* PROVIDED DATA *
Segment Open
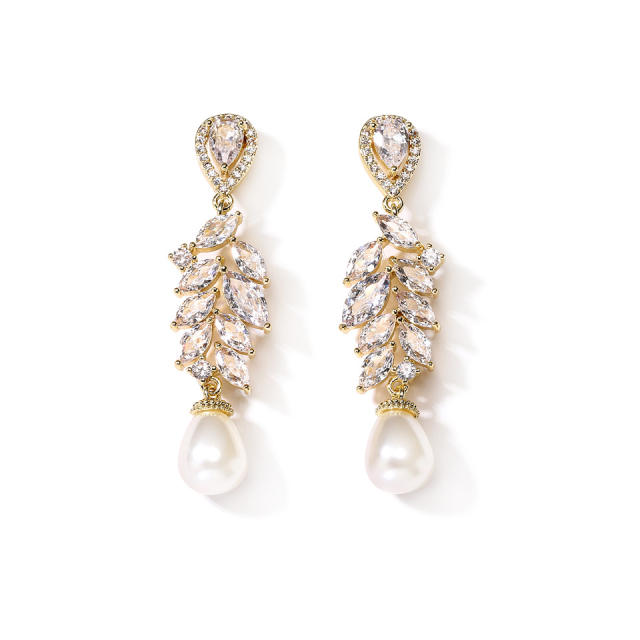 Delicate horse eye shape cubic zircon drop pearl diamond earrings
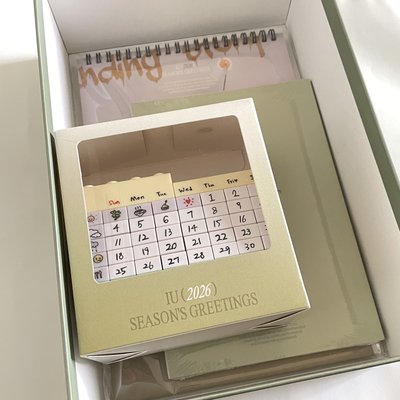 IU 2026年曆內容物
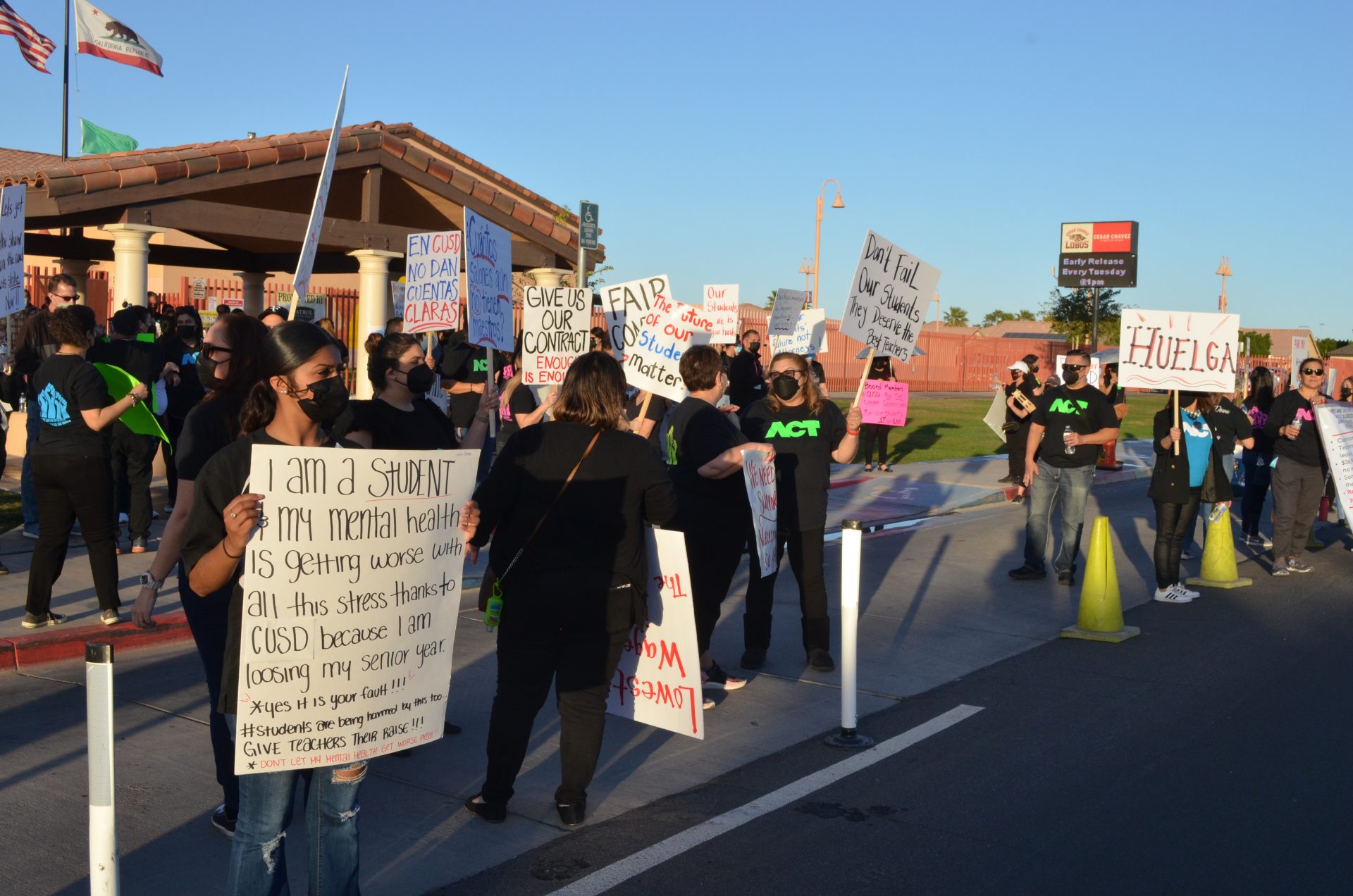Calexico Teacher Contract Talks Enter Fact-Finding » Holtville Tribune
Segment Closed
Segment Open
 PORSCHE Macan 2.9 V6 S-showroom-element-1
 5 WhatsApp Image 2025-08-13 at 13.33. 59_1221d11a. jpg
Segment Closed
Segment Open
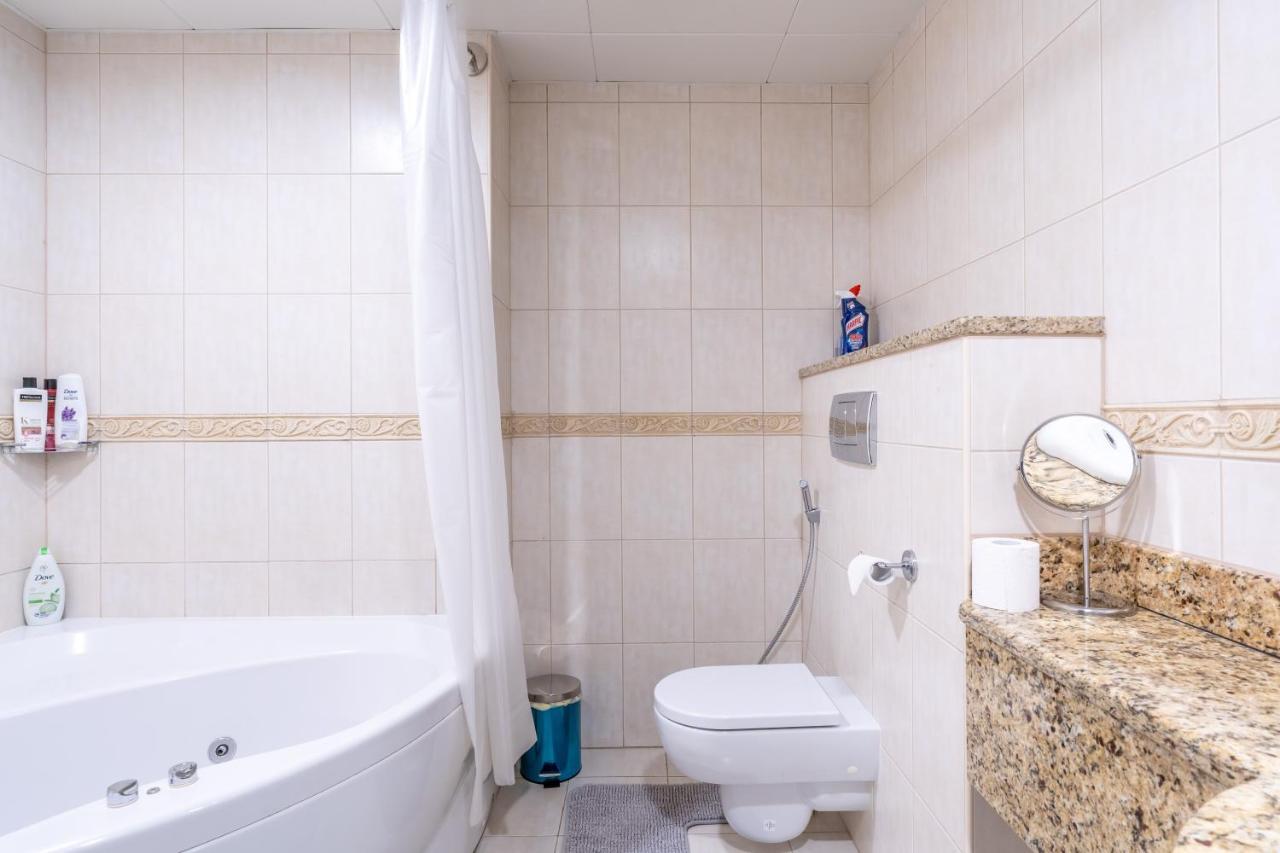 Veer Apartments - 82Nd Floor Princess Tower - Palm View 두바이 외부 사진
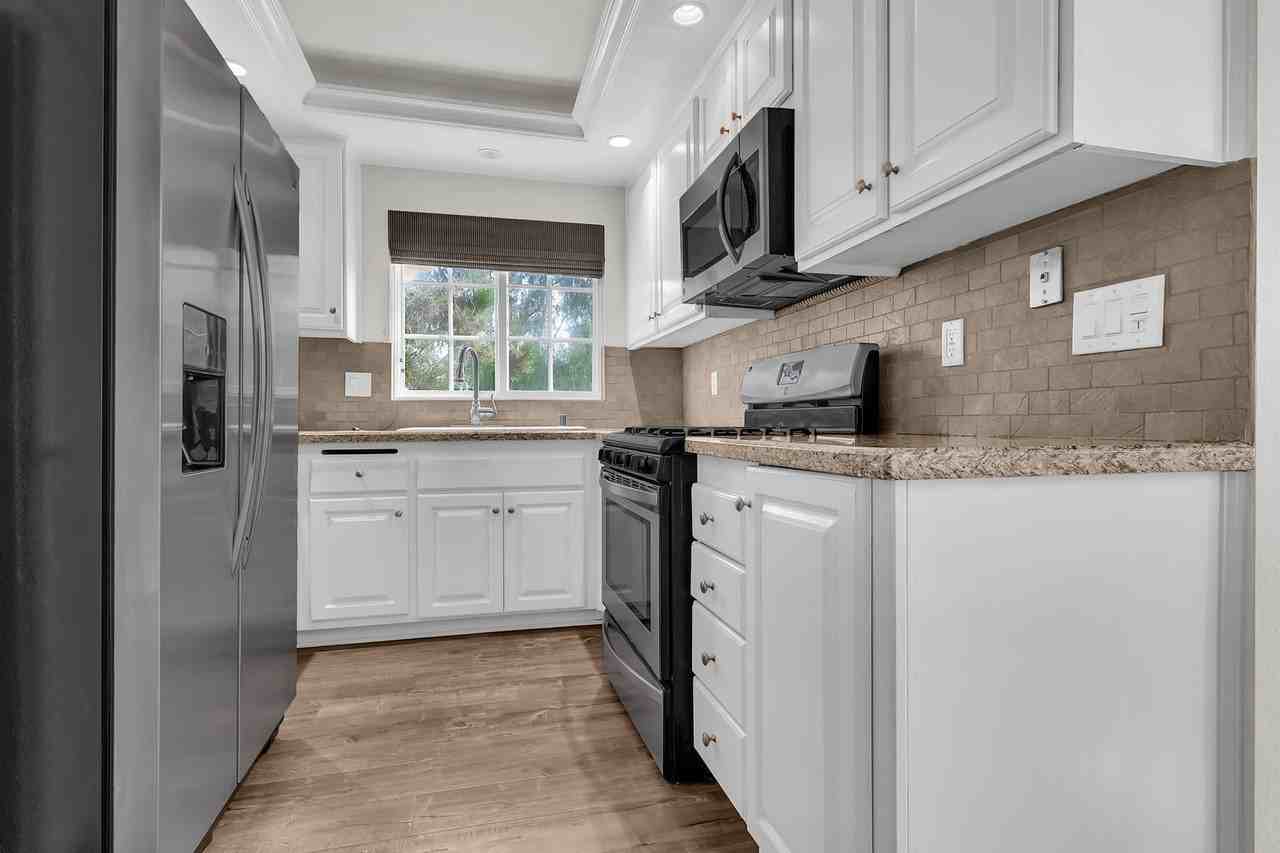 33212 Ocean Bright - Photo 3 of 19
Segment Closed
* WHAT THE TASK ASKS *
Could you reproduce exactly the lines of the entries above, from the one with "PORSCHE Macan 2.9 V6 S-showroom-element-1" through the one with "5 WhatsApp Image", and nothing else?

* TASK ANSWER *
 PORSCHE Macan 2.9 V6 S-showroom-element-1
 5 WhatsApp Image 2025-08-13 at 13.33. 59_1221d11a. jpg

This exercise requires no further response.